Raritäten für Streichquartett, gespielt von vier Solisten
Die Veranstaltung
Was: Kammermusik-Soirée Tetzlaff-Quartett
Wo: Tonhalle Zürich, Kleiner Saal
Wann: 17.10.2010
Bereich: Musik
Der Autor
Moritz Weber: Jahrgang 1976, studierte Klavier an den Musikhochschulen in Zürich und München sowie Kulturpublizistik an der ZHdK. Er lebt als freischaffender Konzertpianist, Kulturjournalist und Klavierpädagoge in Zürich.
Die Kritik
Lektorat: Gabriele Spiller.
Von Moritz Weber, 19.10.2010
Der Geiger Christian Tetzlaff und seine Schwester Tanja am Violoncello, sowie Elisabeth Kufferath, zweite Violine, und Hanna Weinmeister, Viola, spielen nun schon seit 16 Jahren als Quartett zusammen. Die vier Musiker hatten sich für ihren Auftritt im kleinen Tonhalle-Saal in Zürich ein spezielles Programm ausgesucht und setzten sich damit für – zu Unrecht – eher unbekannt gebliebene Werke ein.
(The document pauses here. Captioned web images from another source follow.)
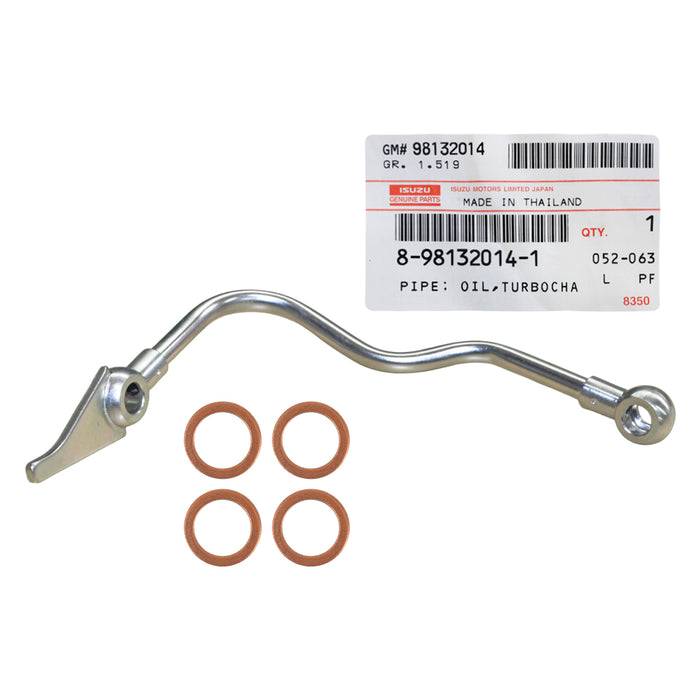 Genuine Turbo Charger Oil Feed Pipe With Gaskets For Isuzu D-Max 4JJ1 3.0L VIIO 2012 Onwards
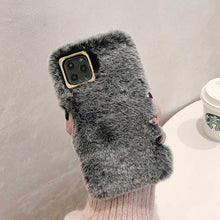 Load image into Gallery viewer, Fashion Plush Leopard Phone Case For Iphone 11 Pro Max Xs Max X Xr Cases Furry Fluffy Warm Cover For Iphone 6 6s 7 8 Plus Case Women Fashion Faux Fur Case For Iphone
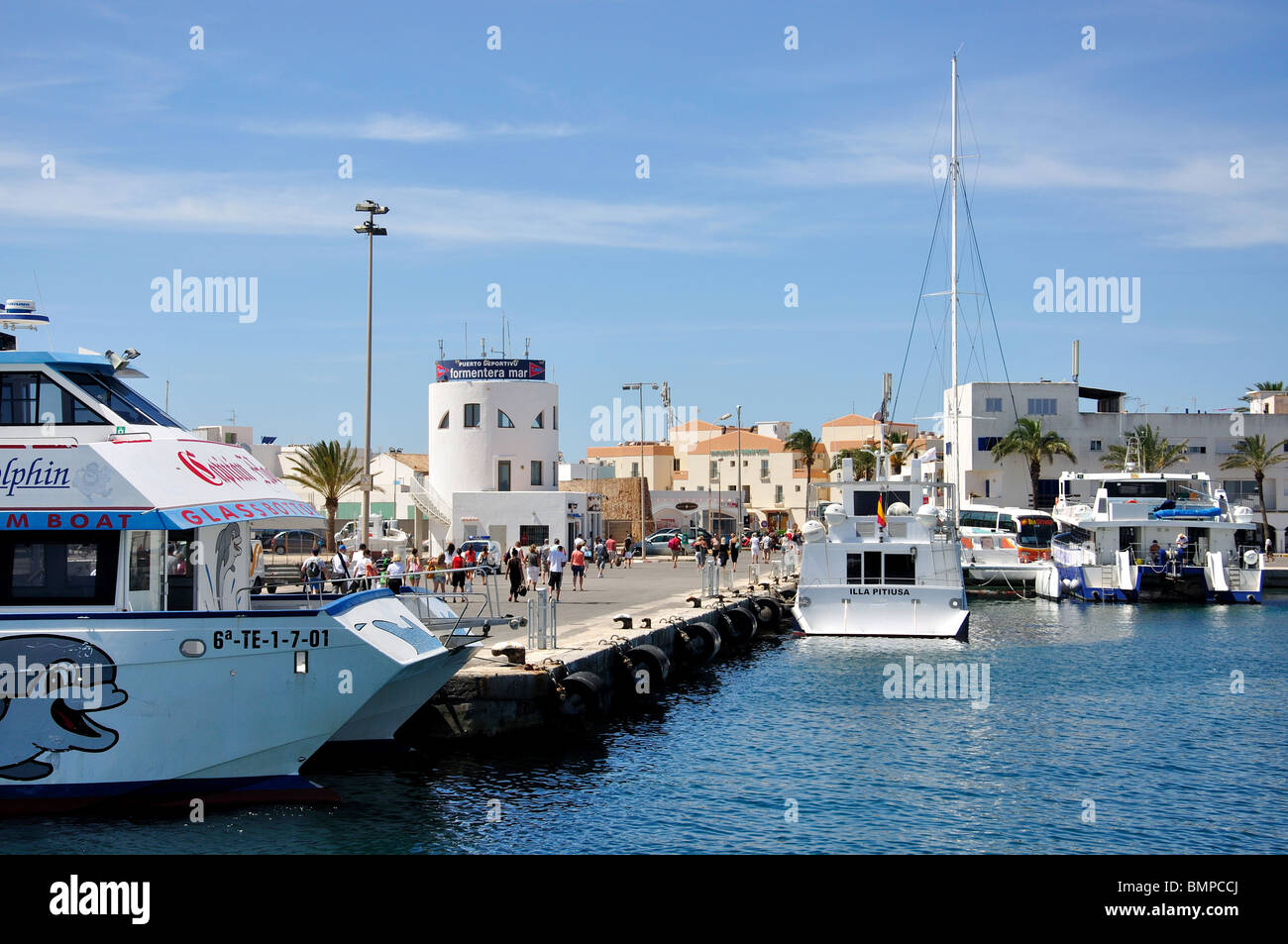 Port de La Savina, La Savina, Formentera, Balearic Islands, Spain Stock  Photo - Alamy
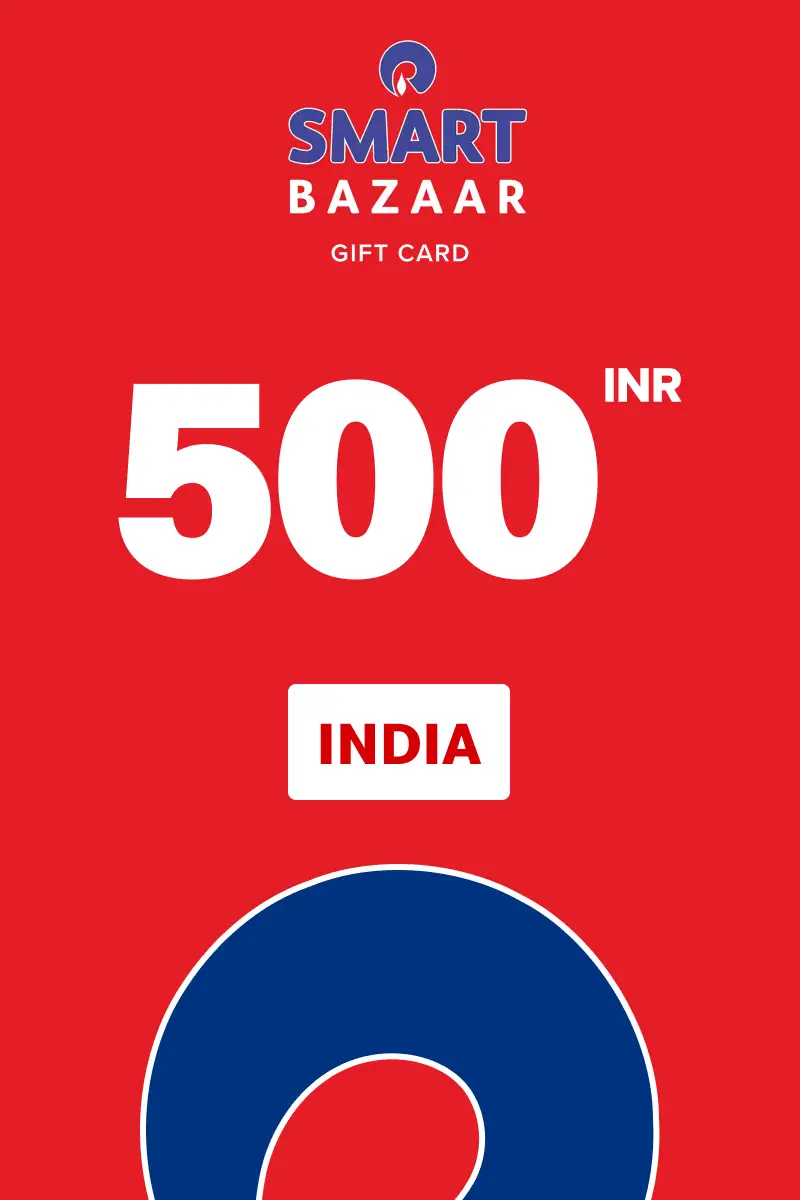 Reliance Smart Bazaar 500 INR Gift Card (India) - Digital Key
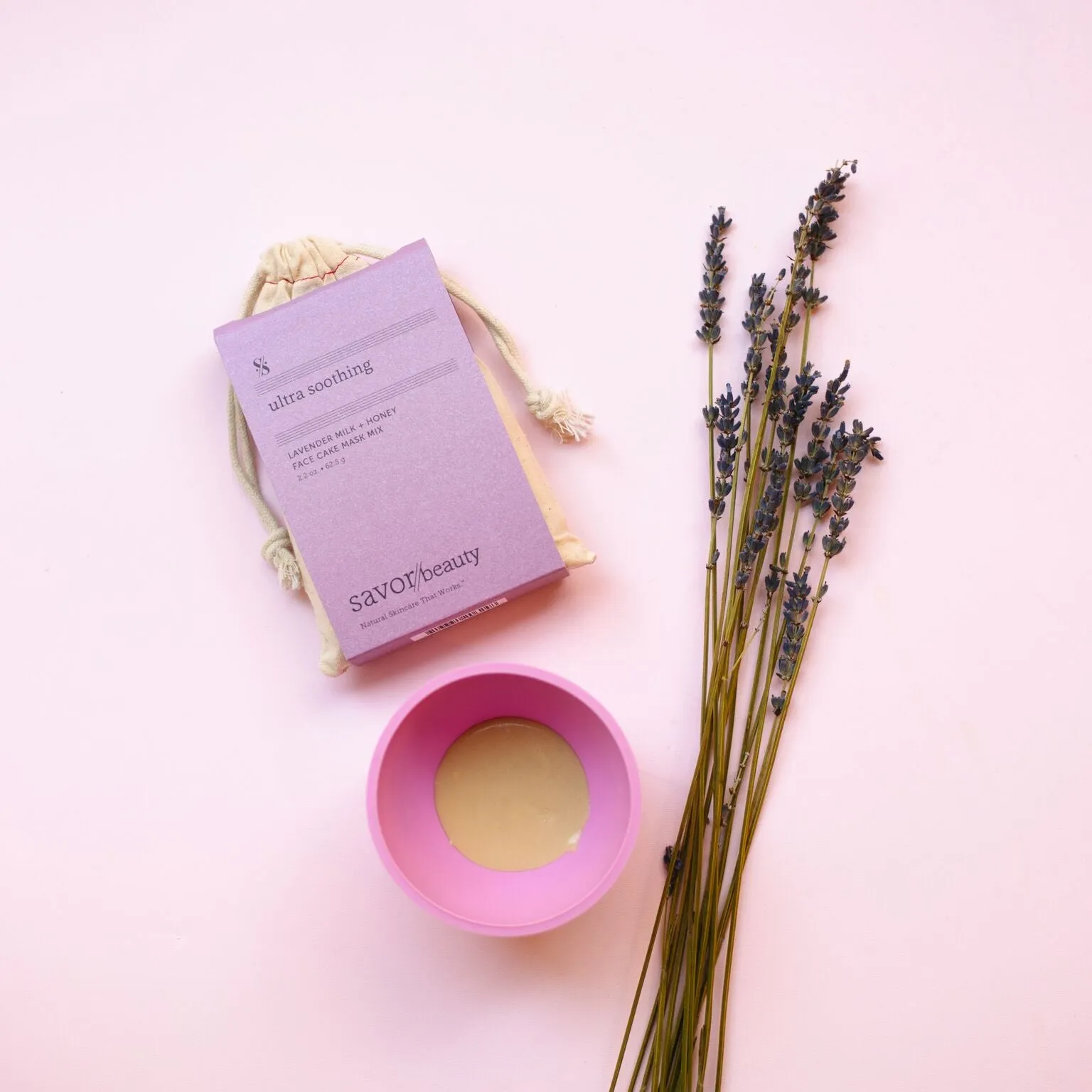 Lavender Milk   Honey Face Cake Mask Mix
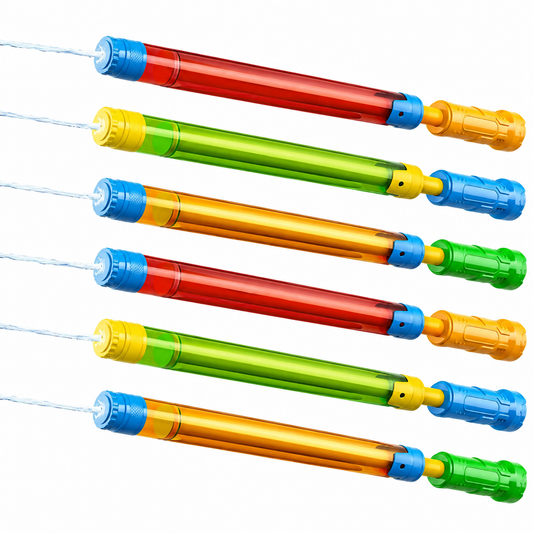 Lot de 6 Pistolets à Eau Grande Capacité – Longue Portée | Jeux Aquatiques Piscine Plage Jardin | Couleurs Assortis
Sie begannen den Abend mit dem frühen g-moll Quartett von Haydn und starteten mit leidenschaftlichem Zugriff. Abgesehen von einigen stilistisch etwas zu romantischen Manierismen des Primarius, waren sowohl die bizarren und gespenstischen Abgründe, aber auch die Cantabile-Momente dieses gewagten Werkes gut herausmodelliert. Der hochromantische Schwung des Dvořák-Quartettes in der für Streicher eher ungewöhnlichen und unangenehmen Tonart As-Dur lag den Musikern noch besser. Meisterhaft und spannungsvoll entwickelten sie das Hauptthema des ersten Satzes aus den kleinen Motiven der Adagio-Einleitung. Auch im weiteren Verlauf konnten die Vier mit viel struktureller Klarheit und klugem, virtuosem Spiel begeistern. Allerdings blieb ob ihres Verves die Duftigkeit und der schelmische Humor des Werkes etwas auf der Strecke. Im langsamen Satz des Quartettes von Sibelius fand der Abend dann seinen Höhepunkt. Die „intimen Stimmen“ des Komponisten, durch kaum hörbare Pianississimo-Klänge vermittelt, liessen den ganzen Saal in Ergriffenheit verstummen.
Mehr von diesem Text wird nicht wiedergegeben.